## REQUIREMENT
Below are records with pictures in them. Output exactly the lines from the one with "Fort Lauderdale 'deki" through the one with "BMW X5 3.5d xDrive - 11", both included, and leave every picture out; give only those lines.

## DATA EXCERPTS
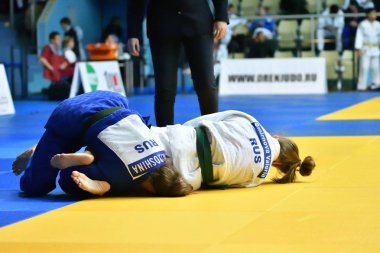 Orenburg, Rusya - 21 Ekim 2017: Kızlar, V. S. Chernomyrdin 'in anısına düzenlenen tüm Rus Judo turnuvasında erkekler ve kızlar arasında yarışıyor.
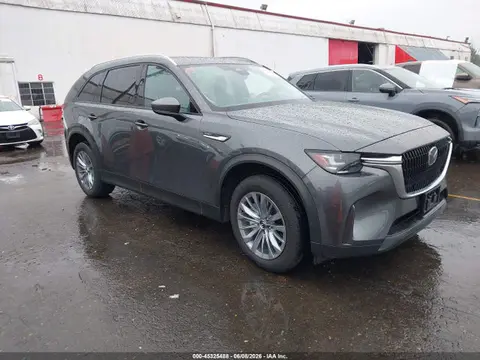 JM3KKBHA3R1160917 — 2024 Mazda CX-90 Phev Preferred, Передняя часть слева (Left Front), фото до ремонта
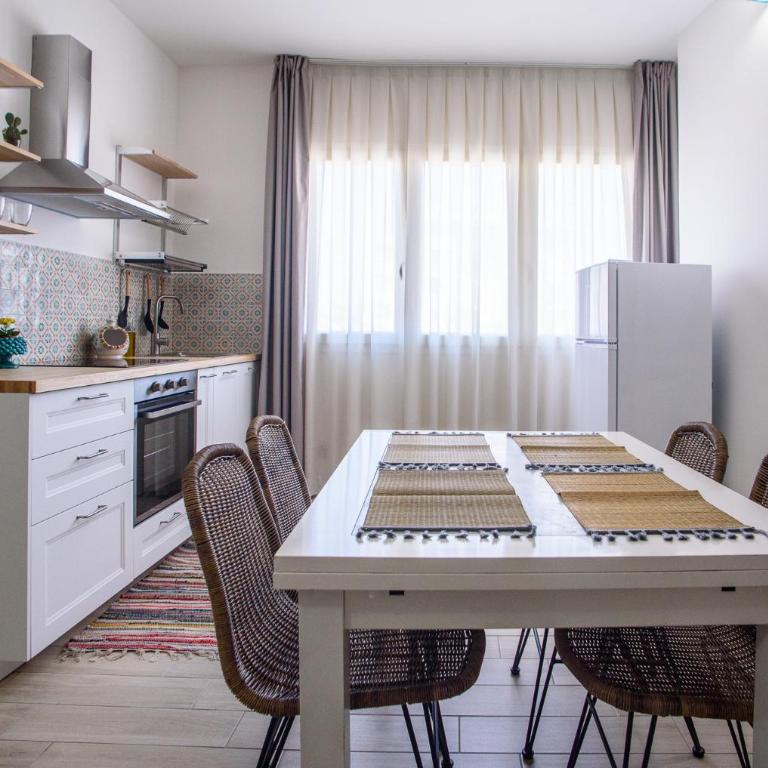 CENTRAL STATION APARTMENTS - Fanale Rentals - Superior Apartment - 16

* * *

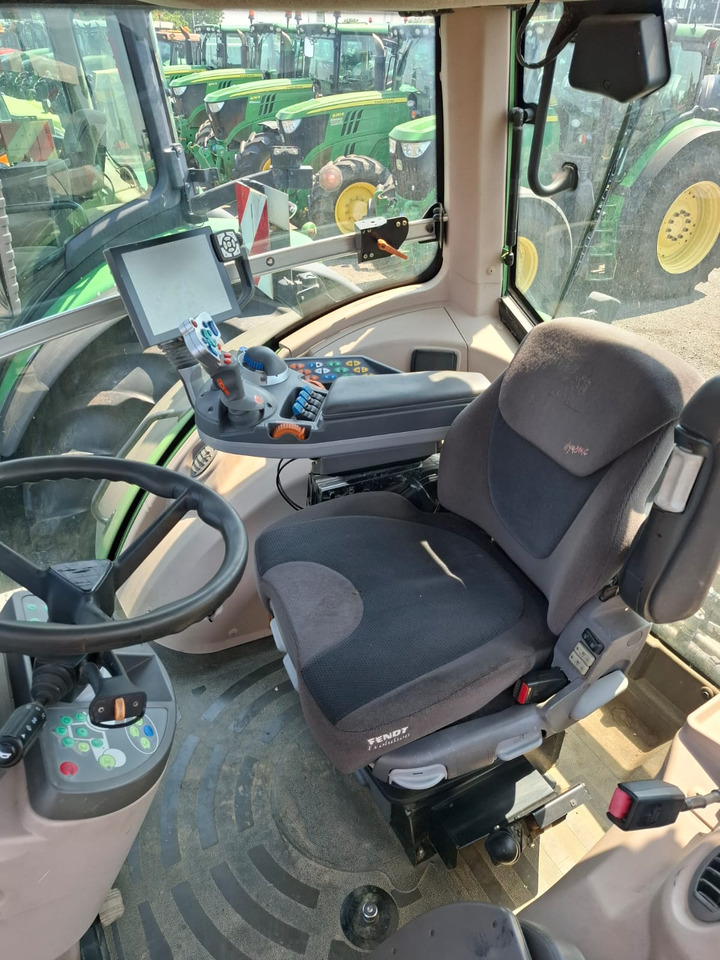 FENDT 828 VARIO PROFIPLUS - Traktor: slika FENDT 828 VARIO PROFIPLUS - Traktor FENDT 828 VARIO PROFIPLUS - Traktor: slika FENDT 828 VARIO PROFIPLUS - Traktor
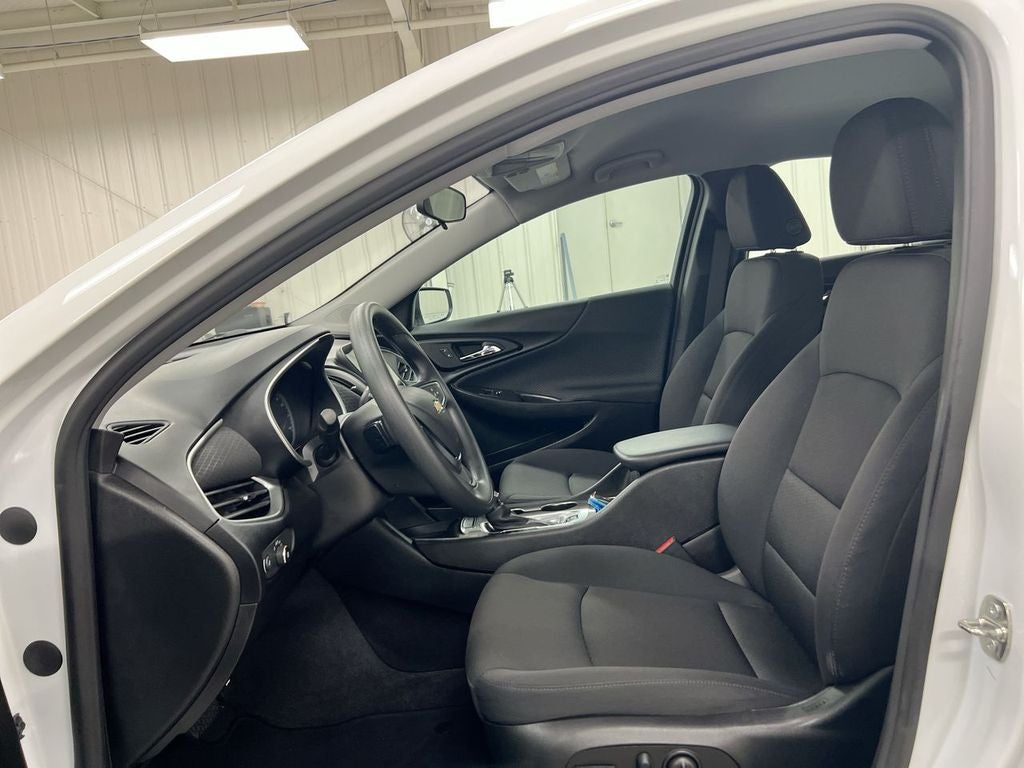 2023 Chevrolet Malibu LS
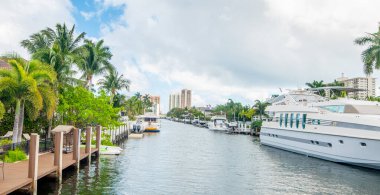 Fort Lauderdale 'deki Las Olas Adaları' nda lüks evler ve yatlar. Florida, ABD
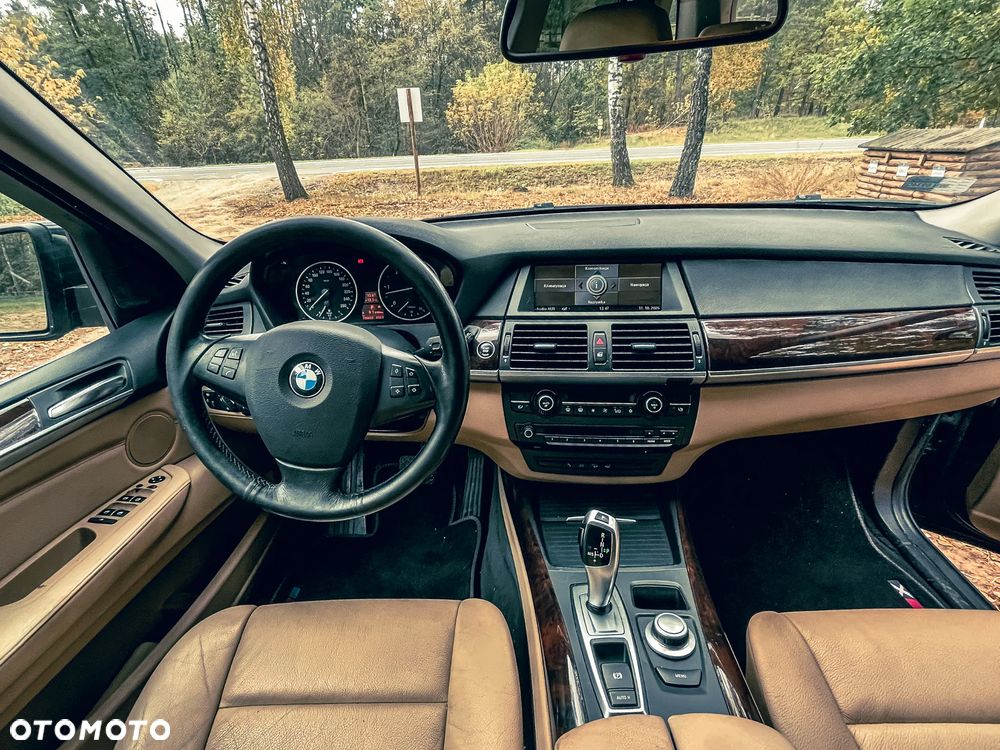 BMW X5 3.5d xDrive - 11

## RESPONSE TO THE TASK
 Fort Lauderdale 'deki Las Olas Adaları' nda lüks evler ve yatlar. Florida, ABD
 BMW X5 3.5d xDrive - 11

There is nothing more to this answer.